"Every broadcast delivered from these services can easily be stream-ripped by the public, downloaded to a user's hard drive on a song by song basis and uploaded onto iPhones and P2P networks," says MRT CEO Hank Risan. "This type of piracy is in clear violation of the performance rights granted to these distributors of copyrighted material under Section 114. MRT believes that the Librarian of Congress will exercise his fiduciary duty and put a stop to this rampant form of digital piracy by immediately revoking their licenses."
The letter says these webcasters are willfully violating their statutory internet broadcasting licenses by distributing digital content as an interactive download service and by ignoring their statutory obligations under the law. MRT says that all of the webcasters distribute digital content over systems that "avoid existing and effective technical measures designed to protect copyrighted content from unauthorized downloading, copying and re-distribution or use by recipients."
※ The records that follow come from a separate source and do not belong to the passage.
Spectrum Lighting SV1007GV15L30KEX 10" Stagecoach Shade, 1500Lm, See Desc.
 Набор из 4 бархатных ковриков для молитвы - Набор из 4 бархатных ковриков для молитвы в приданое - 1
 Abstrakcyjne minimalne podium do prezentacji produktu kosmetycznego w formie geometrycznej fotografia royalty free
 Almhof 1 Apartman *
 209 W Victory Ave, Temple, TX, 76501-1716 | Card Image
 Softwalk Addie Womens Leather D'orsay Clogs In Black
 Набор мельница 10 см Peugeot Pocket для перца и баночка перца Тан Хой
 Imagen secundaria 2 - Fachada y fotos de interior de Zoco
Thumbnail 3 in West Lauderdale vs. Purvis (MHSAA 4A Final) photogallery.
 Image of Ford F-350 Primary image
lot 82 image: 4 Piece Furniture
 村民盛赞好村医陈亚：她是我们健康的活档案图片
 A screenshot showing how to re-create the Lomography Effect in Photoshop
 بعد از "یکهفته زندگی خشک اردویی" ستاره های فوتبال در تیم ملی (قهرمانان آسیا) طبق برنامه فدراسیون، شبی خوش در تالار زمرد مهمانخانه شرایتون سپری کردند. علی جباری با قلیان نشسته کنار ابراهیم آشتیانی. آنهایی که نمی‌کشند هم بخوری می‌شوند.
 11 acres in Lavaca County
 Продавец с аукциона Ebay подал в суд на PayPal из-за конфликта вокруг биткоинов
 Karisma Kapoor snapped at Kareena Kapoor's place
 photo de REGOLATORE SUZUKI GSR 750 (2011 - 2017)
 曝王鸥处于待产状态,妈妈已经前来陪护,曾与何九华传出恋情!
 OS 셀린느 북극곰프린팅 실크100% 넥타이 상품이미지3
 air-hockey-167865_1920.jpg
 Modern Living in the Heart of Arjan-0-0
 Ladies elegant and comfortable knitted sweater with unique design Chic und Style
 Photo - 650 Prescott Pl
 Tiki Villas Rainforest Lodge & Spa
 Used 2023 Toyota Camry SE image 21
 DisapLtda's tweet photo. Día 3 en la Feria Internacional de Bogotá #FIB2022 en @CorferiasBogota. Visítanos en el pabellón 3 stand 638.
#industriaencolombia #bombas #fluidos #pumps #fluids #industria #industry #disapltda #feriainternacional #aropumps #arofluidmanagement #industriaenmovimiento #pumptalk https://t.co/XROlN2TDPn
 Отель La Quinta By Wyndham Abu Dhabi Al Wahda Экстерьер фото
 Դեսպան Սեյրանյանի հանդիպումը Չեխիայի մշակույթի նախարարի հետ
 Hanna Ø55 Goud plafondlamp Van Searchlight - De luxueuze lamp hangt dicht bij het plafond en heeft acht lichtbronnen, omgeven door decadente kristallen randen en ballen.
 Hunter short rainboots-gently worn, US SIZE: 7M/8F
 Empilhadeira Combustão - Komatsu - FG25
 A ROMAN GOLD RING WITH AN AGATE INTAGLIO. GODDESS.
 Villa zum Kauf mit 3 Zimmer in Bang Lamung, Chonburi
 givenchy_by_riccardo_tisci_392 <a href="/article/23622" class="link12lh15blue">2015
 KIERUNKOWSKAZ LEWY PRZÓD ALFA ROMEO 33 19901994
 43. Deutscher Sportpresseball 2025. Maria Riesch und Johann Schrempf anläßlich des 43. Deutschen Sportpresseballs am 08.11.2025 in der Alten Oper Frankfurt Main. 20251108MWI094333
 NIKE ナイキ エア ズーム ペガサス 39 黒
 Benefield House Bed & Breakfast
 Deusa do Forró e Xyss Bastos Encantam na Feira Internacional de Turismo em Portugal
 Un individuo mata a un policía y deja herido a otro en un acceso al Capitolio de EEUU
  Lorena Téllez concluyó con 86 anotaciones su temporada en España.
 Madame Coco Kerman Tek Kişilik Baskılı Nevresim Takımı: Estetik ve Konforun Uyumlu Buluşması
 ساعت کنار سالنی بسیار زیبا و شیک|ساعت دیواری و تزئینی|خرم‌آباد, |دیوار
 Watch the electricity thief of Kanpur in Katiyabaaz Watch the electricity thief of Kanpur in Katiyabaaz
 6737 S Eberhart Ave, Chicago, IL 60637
MRT claims that the webcasters incorporate or accommodate stream ripping capability within their systems and that "literally thousands of different stream ripping devices are sanctioned" by them. By transmitting copyrighted matter through such systems, the webcasters "enable the recipients of their unprotected transmitted sound recordings to select particular sound recordings that can be downloaded and converted into perfect digital phonorecords." These digital phonorecords are then capable of being used, re-distributed or re-transmitted-all without authority from the copyright owners or payment of royalties, the letter adds.
Of course, MRT makes SeCure X1, copy control technology that eliminates stream ripping and serial copying of digital content. The company wants Apple, Microsoft, Real Networks and other webcasters to implement the technology to protect American Intellectual Property. MRT claims that and that all of the devices from the above-mentioned companies "must either be immediately redesigned or removed from the market."